Work order: The line containing "Crea realiza vistoria" and each line after it, through the final line of the data, are to be retyped exactly, with pictures left out.
++++ Dataset entries
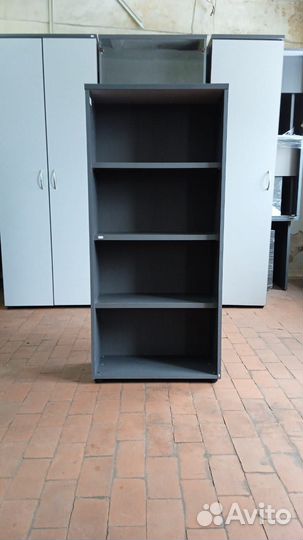 Комплект офисной мебели. REF40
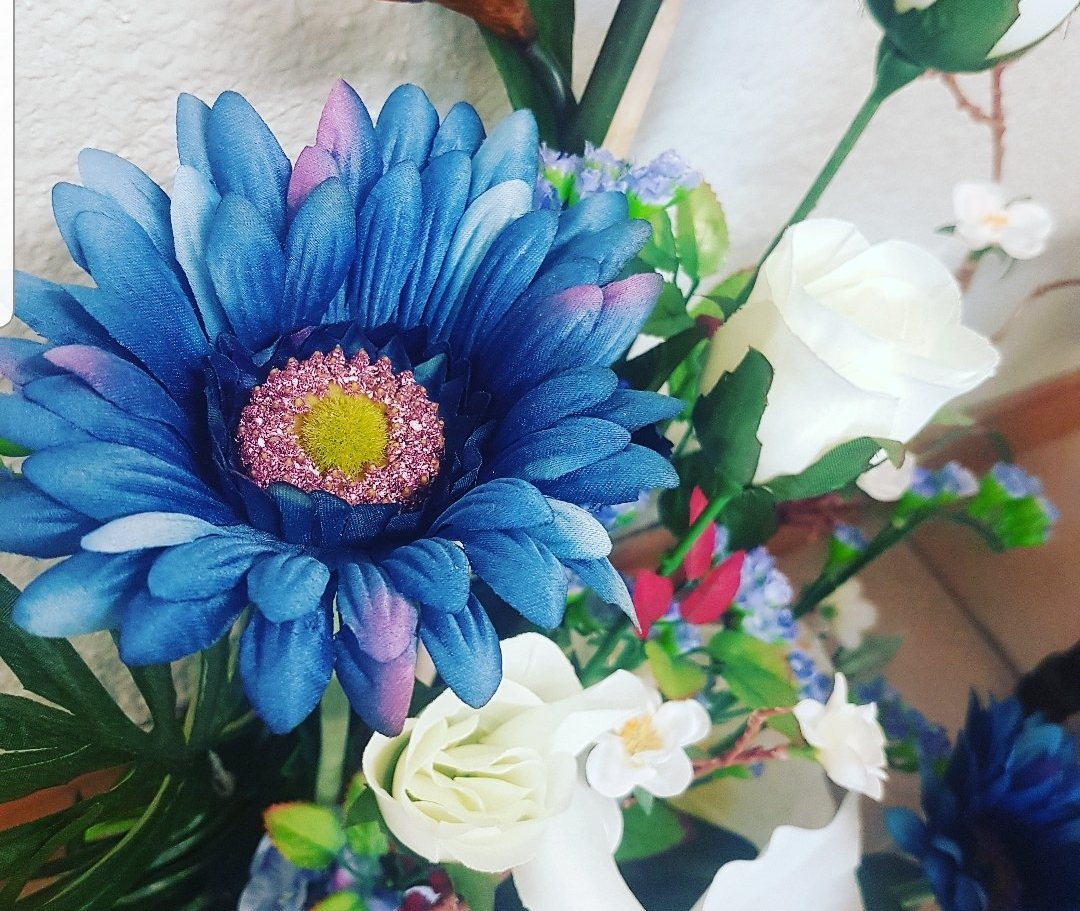 Fleur bleue artificielle
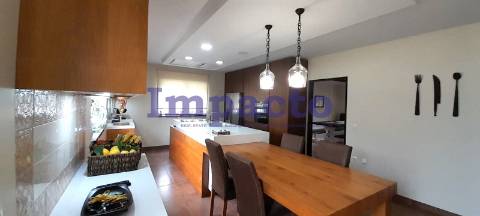 Moradia Térrea, Renovada a escassos minutos de S.João da Madeira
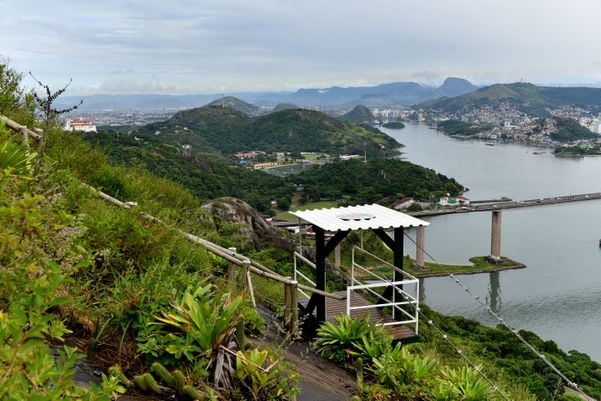 Crea realiza vistoria na tirolesa do Morro do Moreno por Fernando Madeira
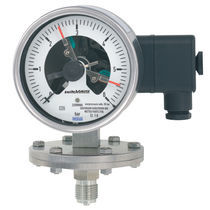 diaphragm operated differential pressure gauge with switch 0 - 25 mbar | PGS43.1x0 WIKA Alexander Wiegand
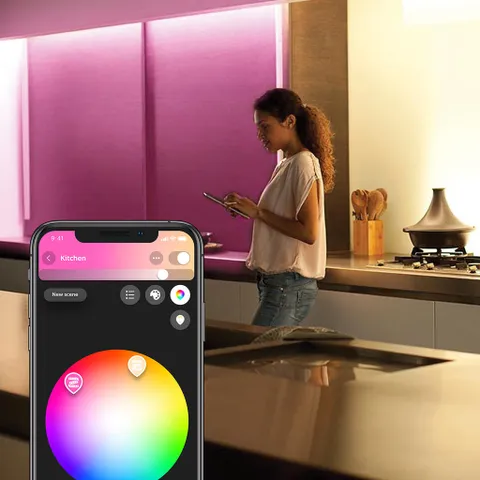 Bộ Đèn Led Dây Hue Lightstrip Plus V4 APR 2m - Đèn Trang Trí Thông Minh Nhiều Màu, Điều Khiển Từ Xa, Linh Hoạt Cho Không Gian Sống
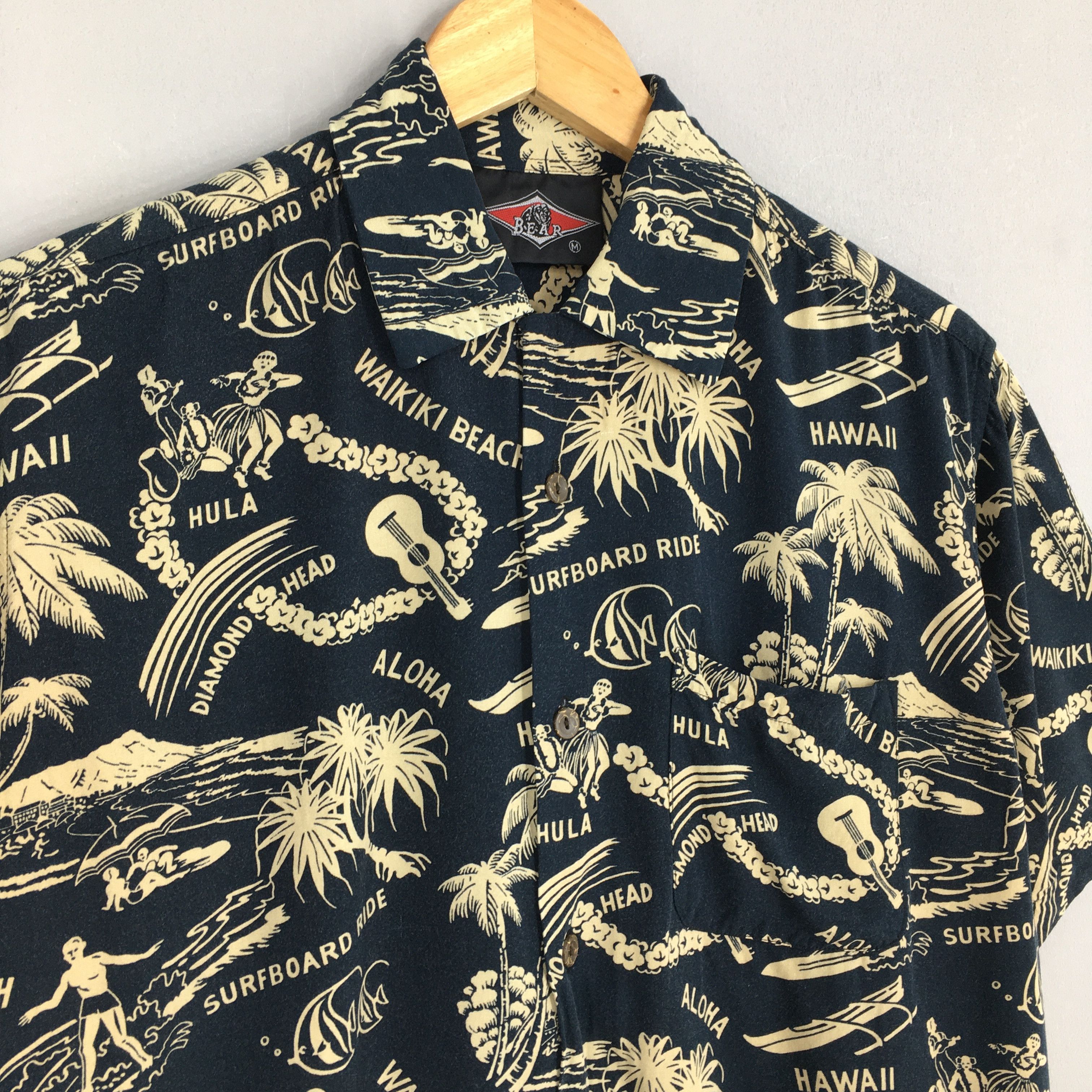 Life's a Beach Vintage Bear Waikiki Beach Surfing Ukulele Beach Shirt M Size US M / EU 48-50 / 2 - 3 Thumbnail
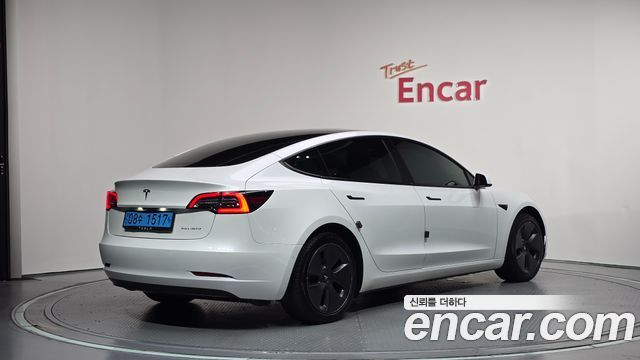Tesla Model 3 2022 — photo 2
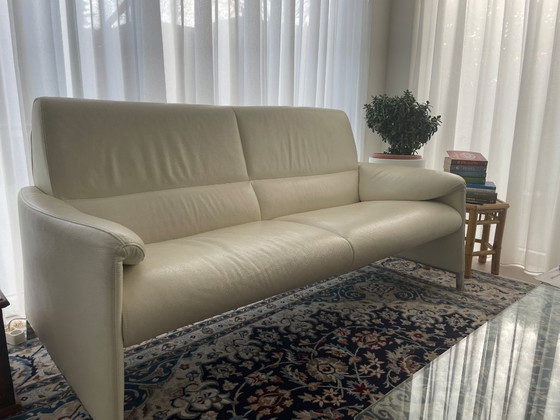 Image 1 of 2 pieces of the 2.5 seater Felizia high sofa from Leolux / leather Senso 9080 Egret / polished aluminum legs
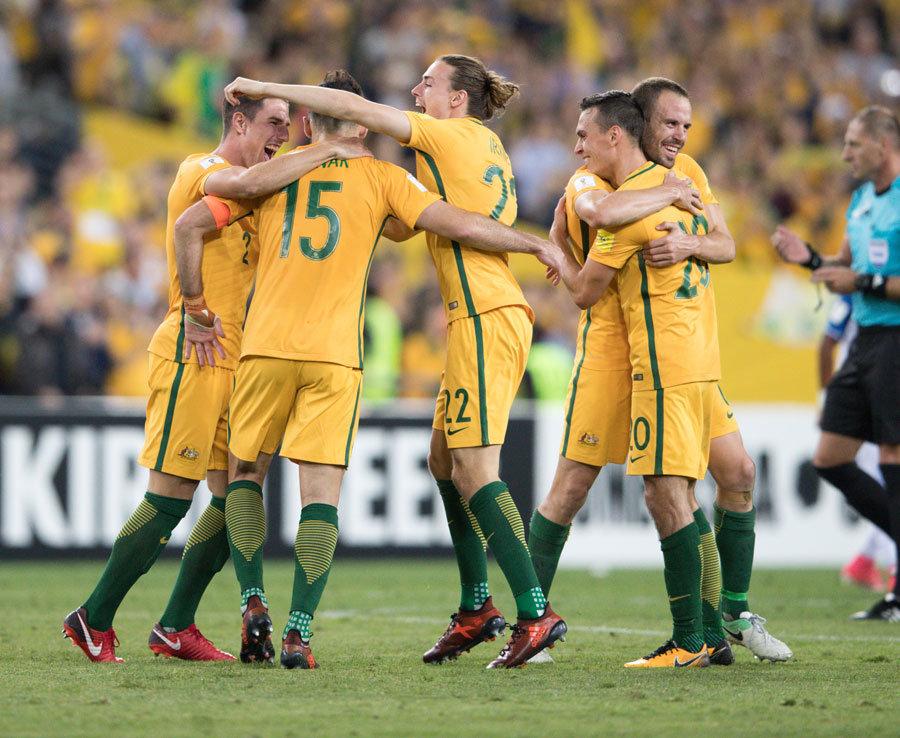 蓝军均以较 蓝军均以较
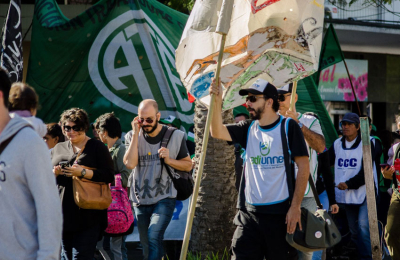 Bronca de docentes universitarios por la suspensión intempestiva de la paritaria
++++++++
Answer box:
 Crea realiza vistoria na tirolesa do Morro do Moreno por Fernando Madeira
 diaphragm operated differential pressure gauge with switch 0 - 25 mbar | PGS43.1x0 WIKA Alexander Wiegand
 Bộ Đèn Led Dây Hue Lightstrip Plus V4 APR 2m - Đèn Trang Trí Thông Minh Nhiều Màu, Điều Khiển Từ Xa, Linh Hoạt Cho Không Gian Sống
 Life's a Beach Vintage Bear Waikiki Beach Surfing Ukulele Beach Shirt M Size US M / EU 48-50 / 2 - 3 Thumbnail
Tesla Model 3 2022 — photo 2
 Image 1 of 2 pieces of the 2.5 seater Felizia high sofa from Leolux / leather Senso 9080 Egret / polished aluminum legs
 蓝军均以较 蓝军均以较
 Bronca de docentes universitarios por la suspensión intempestiva de la paritaria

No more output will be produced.